O magistrado reforçou que o Poder Judiciário tem buscado contribuir de forma significativa no enfrentamento a esse tipo de crime. “A responsabilização penal tem um papel importante, pois funciona como um freio para novos casos. Mas, acima de tudo, é fundamental olhar para a vítima que é a principal figura em situações como essa.”
Abdala ressaltou que o Judiciário vem estruturando procedimentos específicos para lidar com casos de violência sexual infantil, com foco na proteção integral da criança ou adolescente. “O nosso objetivo é garantir que a vítima não seja revitimizada durante o processo. Toda a atuação é pensada para preservar seus direitos, sua saúde mental e emocional, considerando que estamos lidando com alguém em desenvolvimento, extremamente vulnerável.”
Segundo ele, o processo judicial, por si só, já é naturalmente difícil, e por isso deve ser conduzido com o máximo de sensibilidade. “O Judiciário tem o papel de tornar esse caminho o menos traumático possível, criando um ambiente acolhedor e respeitoso, sempre voltado à preservação da dignidade da vítima.”
Combate ao abuso infantil exige escuta qualificada, mobilização social e canais de denúncia eficazes
Durante as palestras e participações, foram apresentados dados alarmantes: a maioria dos casos de abuso sexual contra crianças e adolescentes ocorre no ambiente doméstico ou no convívio familiar. Especialistas alertaram que muitas vítimas demoram anos para conseguir relatar as agressões sofridas, o que evidencia a necessidade de um olhar mais atento da sociedade e das instituições.
Os participantes destacaram a importância da escuta qualificada, do fortalecimento dos conselhos tutelares e da formação continuada dos profissionais que integram a rede de proteção. “É preciso que a criança seja ouvida com respeito e acolhimento, por pessoas preparadas para lidar com essa situação tão delicada”, reforçou uma das especialistas presentes.
A Campanha “Faça Bonito” foi amplamente discutida como uma importante ferramenta de mobilização social. Criada em 2000, a iniciativa tem como símbolo uma flor amarela — representação da fragilidade da infância e da urgência em protegê-la. Entre as ações promovidas estão atividades educativas em escolas, capacitações para agentes públicos, divulgação de canais de denúncia e eventos voltados à conscientização da população.
Outro ponto de destaque foi o papel do Disque 100, canal nacional de denúncias de violações de direitos humanos.

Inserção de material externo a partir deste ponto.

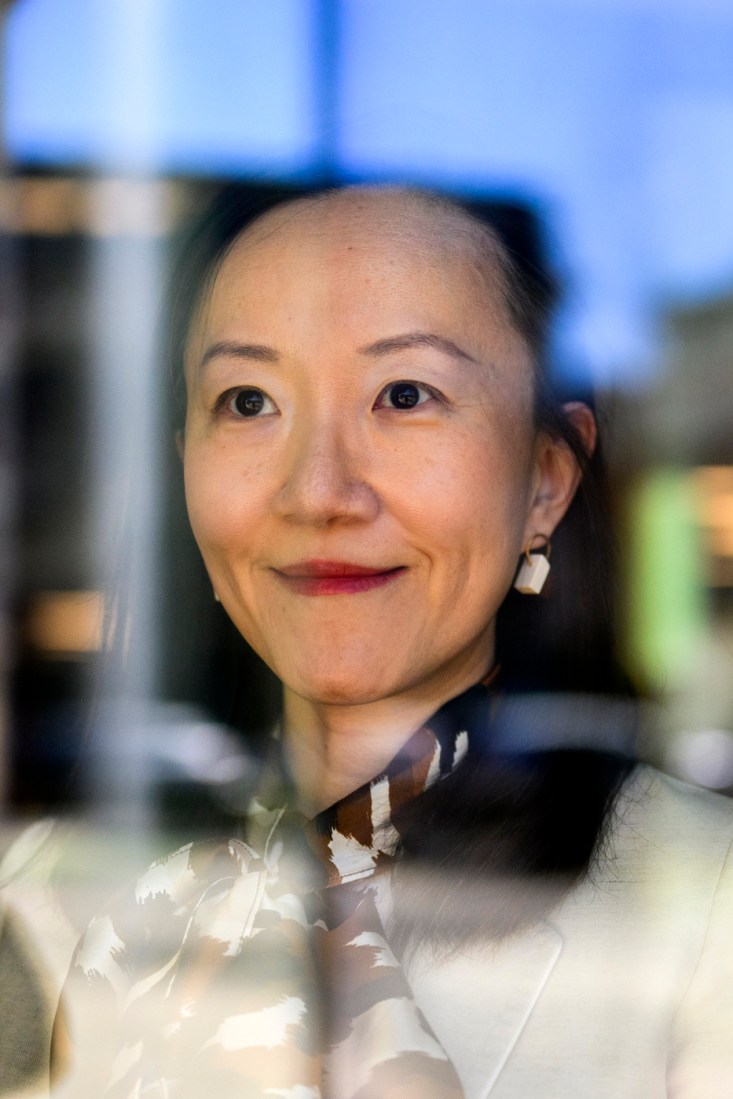 Portrait of Amy Lu, wearing a printed scarf and red lipsticks.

De fácil acesso, o serviço permite o registro anônimo de denúncias e tem papel fundamental na interrupção dos ciclos de violência.
Grupo de danças do CEINFA
A audiência também contou com um momento cultural: uma apresentação artística realizada por crianças e adolescentes, alunas do grupo de danças do Centro de Integração da Família (Ceinfa), do bairro Olaria, em Aracaju. A performance “A mecânica do coração” emocionou o público e reforçou a importância da arte como ferramenta de expressão e superação.
Ao final, foi reiterada a importância da denúncia como primeiro passo para romper o ciclo da violência, garantir proteção às vítimas e assegurar a responsabilização dos agressores. A Assembleia Legislativa do Estado de Sergipe reafirma seu compromisso institucional com a formulação e o aprimoramento de políticas públicas, por meio da criação e ampliação de leis que fortaleçam a rede estadual de prevenção e enfrentamento à violência sexual contra crianças e adolescentes.